The NCC’s institutional positioning is a key factor in its effectiveness. By reporting to CEDA rather than to a line ministry, the centre operates with a cross-government authority that enables it to compel regulatory changes across entities that would otherwise resist reform. This structural advantage, combined with the political backing of the Crown Prince’s office, gives the NCC a reform mandate that few analogous bodies in other countries possess.
The Reform Methodology
The NCC’s approach to regulatory reform combines international benchmarking, stakeholder consultation, and data-driven performance measurement in a systematic methodology that has become increasingly sophisticated since the centre’s establishment.
International Benchmarking
The NCC systematically benchmarks Saudi Arabia’s regulatory performance against leading economies, identifying specific procedures, requirements, and timelines where the Kingdom lags international best practice. The former World Bank Doing Business rankings provided a primary benchmarking framework, and the NCC’s reform programme was explicitly designed to address the specific indicators measured by that assessment. Saudi Arabia’s dramatic improvement in the rankings, rising from 94th to 62nd place before the index was discontinued, reflected the targeted nature of the reform effort.
With the Doing Business index discontinued, the NCC has expanded its benchmarking to incorporate a broader range of international competitiveness assessments, including the World Economic Forum’s Global Competitiveness Index and the IMD World Competitiveness Yearbook. The centre also conducts bespoke benchmarking exercises that compare specific Saudi regulatory processes against those in competing investment destinations such as the UAE, Singapore, and New Zealand.
Regulatory Impact Assessment
The NCC has introduced regulatory impact assessment (RIA) as a discipline within Saudi government, requiring that new regulations be evaluated for their potential impact on business activity, compliance costs, and economic competitiveness before being enacted. This preventative approach complements the centre’s remedial work on existing regulations and aims to prevent the accumulation of new regulatory burdens that offset the gains from past reform.
Key Reform Achievements
The NCC’s reform portfolio spans virtually every dimension of the business environment, with particularly notable achievements in several areas.
Business Registration and Licensing
The time and procedures required to start a business in Saudi Arabia have been dramatically reduced. The Ministry of Commerce’s online business registration system, developed in coordination with the NCC, enables company formation in a matter of hours rather than the days or weeks previously required. Licensing requirements across sectors have been cut by more than 50 percent, reducing both the administrative burden on businesses and the compliance monitoring load on government entities.

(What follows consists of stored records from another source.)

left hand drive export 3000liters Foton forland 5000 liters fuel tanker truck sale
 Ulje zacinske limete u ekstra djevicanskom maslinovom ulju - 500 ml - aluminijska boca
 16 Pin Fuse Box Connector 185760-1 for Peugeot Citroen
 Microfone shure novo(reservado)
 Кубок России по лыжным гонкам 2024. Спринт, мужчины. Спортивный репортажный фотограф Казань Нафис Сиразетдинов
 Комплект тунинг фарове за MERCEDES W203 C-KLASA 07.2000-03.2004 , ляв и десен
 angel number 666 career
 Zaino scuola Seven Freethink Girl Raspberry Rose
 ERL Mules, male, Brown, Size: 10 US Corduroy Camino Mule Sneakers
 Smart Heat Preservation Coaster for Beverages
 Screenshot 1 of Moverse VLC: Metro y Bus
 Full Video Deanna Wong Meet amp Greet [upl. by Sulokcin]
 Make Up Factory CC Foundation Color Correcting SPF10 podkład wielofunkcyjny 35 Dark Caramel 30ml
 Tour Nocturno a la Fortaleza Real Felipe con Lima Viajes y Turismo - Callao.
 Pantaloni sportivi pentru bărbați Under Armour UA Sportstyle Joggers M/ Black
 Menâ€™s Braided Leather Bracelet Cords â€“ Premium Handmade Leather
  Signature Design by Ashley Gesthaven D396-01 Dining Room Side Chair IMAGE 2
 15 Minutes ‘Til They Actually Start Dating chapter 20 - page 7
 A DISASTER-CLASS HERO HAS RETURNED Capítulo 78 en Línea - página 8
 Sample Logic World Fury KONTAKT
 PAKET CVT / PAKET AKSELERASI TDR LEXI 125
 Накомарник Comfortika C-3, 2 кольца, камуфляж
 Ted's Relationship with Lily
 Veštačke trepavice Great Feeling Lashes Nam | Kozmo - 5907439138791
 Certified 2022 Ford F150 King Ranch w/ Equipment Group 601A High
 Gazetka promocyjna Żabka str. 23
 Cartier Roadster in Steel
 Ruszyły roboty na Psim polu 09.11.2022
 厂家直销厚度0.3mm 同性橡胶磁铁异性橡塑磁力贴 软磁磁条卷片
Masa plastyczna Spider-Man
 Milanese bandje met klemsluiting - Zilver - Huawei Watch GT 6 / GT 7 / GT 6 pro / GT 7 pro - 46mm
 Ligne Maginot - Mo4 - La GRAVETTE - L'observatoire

The reform extends beyond simple procedure counts to the quality of the regulatory interaction. The NCC has promoted the adoption of risk-based regulatory approaches that calibrate the intensity of government oversight to the risk profile of the activity, reducing unnecessary regulation for low-risk businesses while maintaining appropriate controls for high-risk sectors.
Container Clearance and Trade Facilitation
The NCC has driven reforms that reduced container clearance times at Saudi ports to approximately 24 hours, a dramatic improvement from the multi-day processing that previously characterised Saudi customs operations. This achievement required coordinated reforms across customs, port operations, food safety, standards compliance, and multiple other agencies whose approvals were historically required before cargo could be released.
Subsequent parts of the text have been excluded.